Christina Aus der Au et Laure-Christine Grandjean.
Laure-Christine Grandjean
Chancelière et responsable de la communication, diocèse de Lausanne, Genève et Fribourg
Je prie, tu pries, il prie, elle prie, nous prions. Force est de constater que le commun des mortels (voire la mortelle des «fausses» communes) prie. Il le cachera sûrement aux autres, pour ne pas être qualifié de bigot, de superstitieux ou que sais-je. L’autre jour, une amie en peine m’envoie un texto: «J’ai adressé une prière à l’univers.» Tandis qu’un autre copain, agnostique, me lance, une lumière dans les yeux: «Tu vas à Paris, tu passes à Montmartre? Tu mettras une bougie pour moi.»

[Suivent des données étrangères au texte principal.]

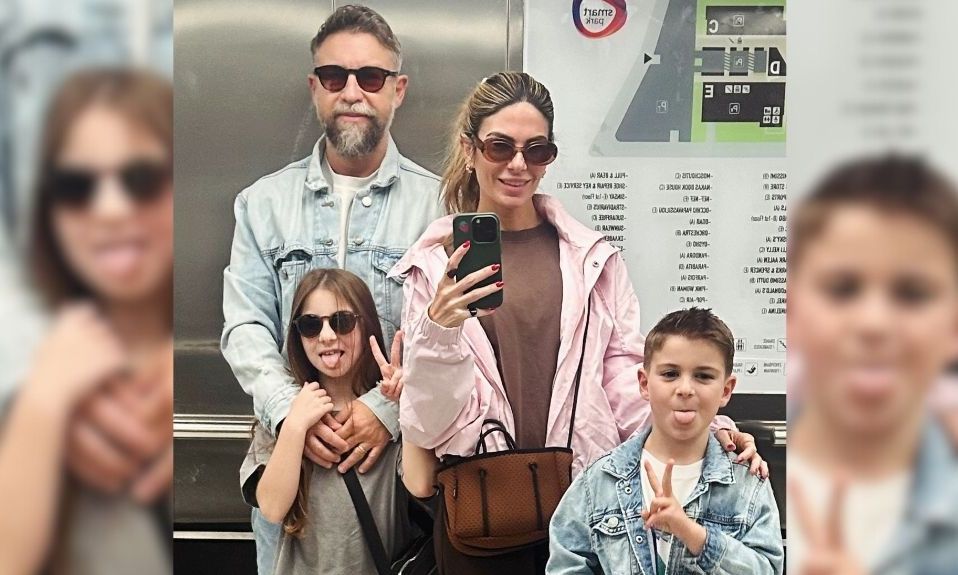 Βαρδής – Σκαφίδα: Τα stories που αποδεικνύουν ότι οι πιο όμορφες στιγμές κρύβονται στα απλά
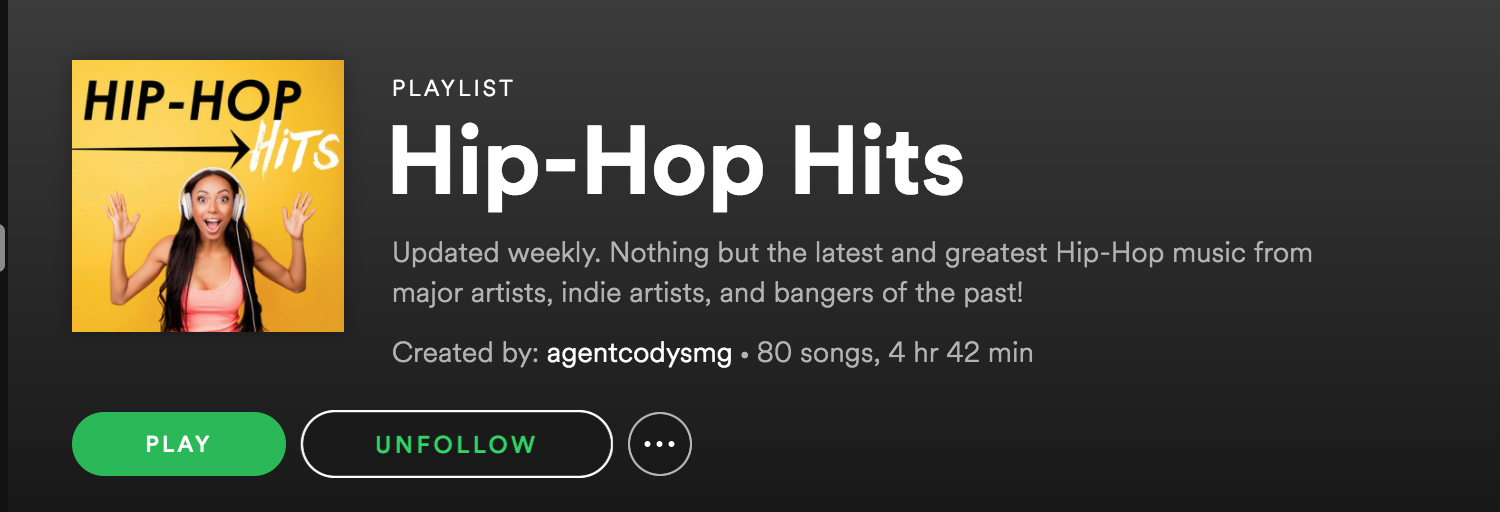 25,000+ Spotify Listeners are Loving Eno Noziroh’s Delightful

Alors on met des bougies. On ajoute une petite flamme à la litanie des autres petites flammes qui s’élèvent, portant plus haut les vœux d’une pléthore d’illustres inconnus. Et qui sait, parmi ces flammes, l’une m’est-elle peut-être destinée? On craque l’allumette en pensant à l’autre, en lui souhaitant tout le bien, en demandant un petit coup de pouce de là-haut.
Oui, les bougies invitent à la prière. Elles en sont même l’allégorie, si l’on en croit l’auteur Christian Bobin: «Elles perdent tout leur sang. Elles dépensent toute leur mèche. Elles ne gardent rien pour elles, elles donnent ce qu’elles sont, et ce don passe en lumière.»
Et pour paraphraser encore Bobin: prier, c’est prendre le temps de s’éloigner de soi pour rejoindre les autres.
Alors: éloignons-nous un peu de nous-mêmes. Et ne cessons pas de prier (1 Thessaloniciens 5:17). Car pour tout chrétien, prier, c’est se tourner vers Dieu, ce qui le décentre de lui-même et le tourne aussi vers les autres, puisque Dieu les aime.
Christina Aus der Au
Théologienne protestante et philosophe, directrice du Centre de développement de l’Eglise à l’Université de Zurich et nouvelle présidente du Conseil synodal thurgovien
«Demandez et vous recevrez», énonce un passage de l’Evangile. J’ai souvent du mal avec ça. Quand des amis m’informent d’un exaucement de prière pour une place d’apprentissage ou pour le beau temps lors d’une manifestation paroissiale, je préférerais envoyer ce Dieu-là en Ukraine. Ou en Afghanistan. Car là-bas aussi, des gens prient. Pour le pain, pour la paix, pour la liberté. Et ils meurent quand même.
Pour moi, la prière est une quête permanente. Lorsque j’étais petite, mon père possédait une radio à ondes courtes qui captait le monde entier. Une fois que nous étions au lit, il restait au salon, cherchant à capter un émetteur international. Cela grésillait et sifflait souvent longtemps jusqu’à ce qu’on entende une voix ou une musique d’abord hachée puis toujours plus limpide. Chez moi, cela grésille et siffle souvent aussi. Je ne sais plus du tout ce qui est primordial. Alors, se taire, appuyer sur le bouton intérieur. Et écouter. Dieu, où es-tu? Parfois je trouve l’émetteur. Ou il me trouve. Que ton règne arrive. Que ta volonté soit faite. Dieu, tu me soutiens. Tu me donnes une assise. Et tu portes le monde. Même là où il y a de la détresse.
Lorsque nous prions ensemble, à haute voix, côte à côte, à l’église et dans le monde entier, non seulement cela donne la chair de poule mais cela dégage une force qui nous porte et nous mobilise tous ensemble. Alors nous nous levons et nous nous engageons. Pour le pain, pour la paix, pour la liberté. Pour notre prochain. Parce que nous avons repris pied.